There are some cases that the key objects used in map do not override hashCode() and equals() from Object, for examples, use a socket Connection or java.lang.Class as keys.
If equals()
and hashCode()
are not overridden on key objects, HashMap and IdentityHashMap should have the same semantics. The default equals() implementation uses reference semantics, and the default hashCode()
is the system identity hash code of the object.
This is only harmful in cases where different instances of an object can be considered logically equal. For example, you would not want to use IdentityHashMap if your keys were:
new Integer(1)
and
new Integer(1)
Since these are technically different instances of the Integer class. (You should really be using Integer.valueOf(1)
, but that's getting off-topic.)
Class
as keys should be okay, except in very special circumstances (for example, the hibernate ORM library generates subclasses of your classes at runtime in order to implement a proxy.) As a developer I would be skeptical of code which stores Connection
objects in a Map as keys (maybe you should be using a connection pool, if you are managing database connections?). Whether or not they will work depends on the implementation (since Connection is just an interface).

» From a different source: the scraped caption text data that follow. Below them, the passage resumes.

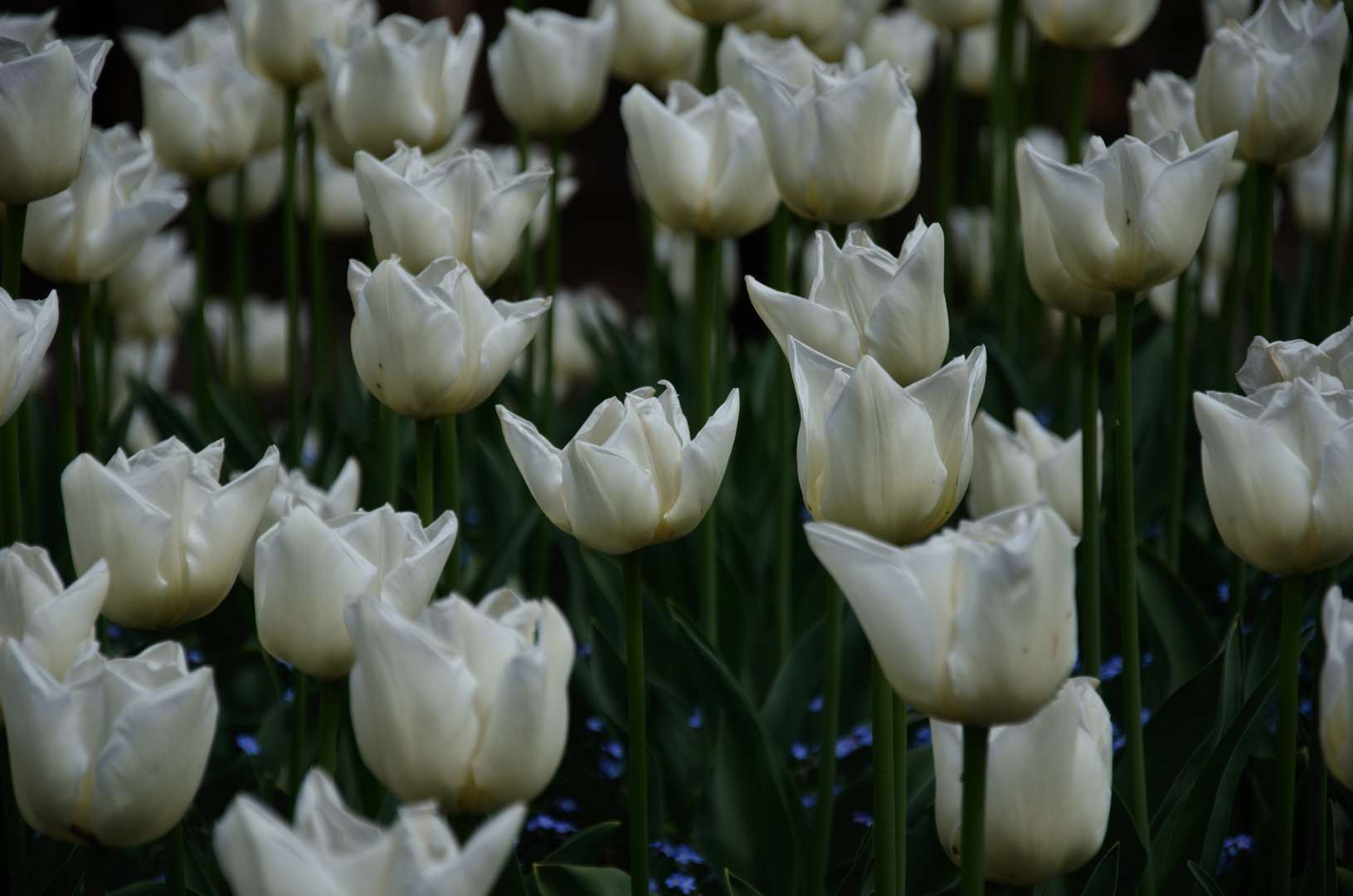 Tulpensonntag in Lahr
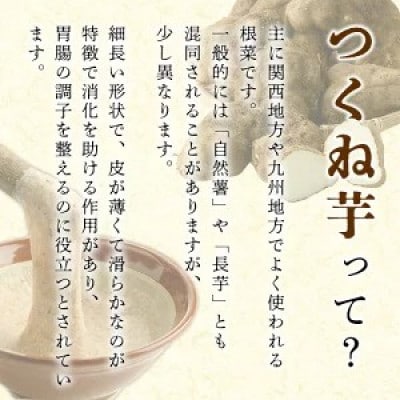 先行予約!11月以降順次発送 つくね芋 (大薯) (約5kg) 【松永青果】akn053-12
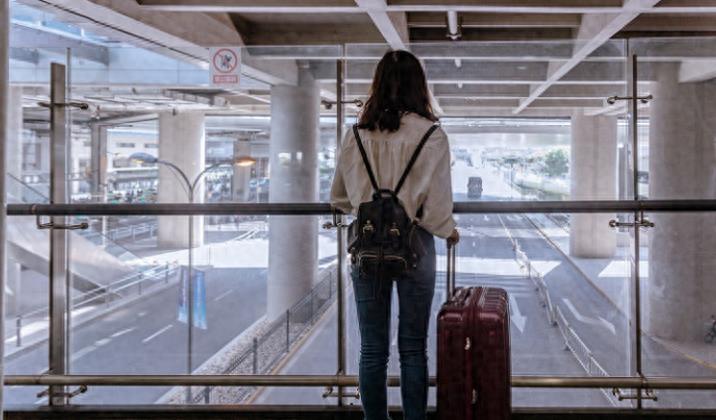 袁莉的狂妄行径：揭秘她如何成为全球闻名的丑角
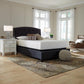 Chime 12 Inch Memory Foam Mattress in a Box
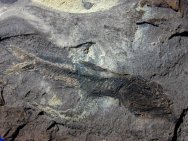 Eomyctophum Fish Fossil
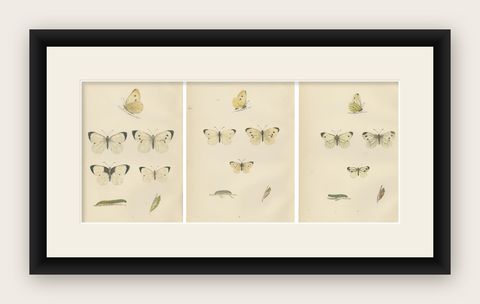 Winged Elegance: Stages of Lepidopteran Grace, Published in 1890, shown framed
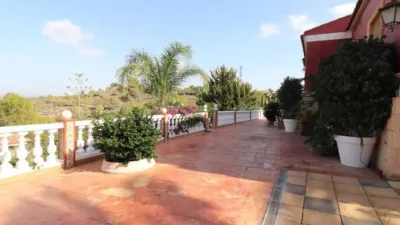 Chalet en Algorfa photo 37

Also, it's important to note that HashMap expects the equals()
and hashCode()
determination to remain constant. In particular, if you implement some custom hashCode()
which uses mutable fields on the key object, changing a key field may make the key get 'lost' in the wrong hashtable bucket of the HashMap. In these cases, you may be able to use IdentityHashMap (depending on the object and your particular use case), or you might just need a different equals()/hashCode()
implementation.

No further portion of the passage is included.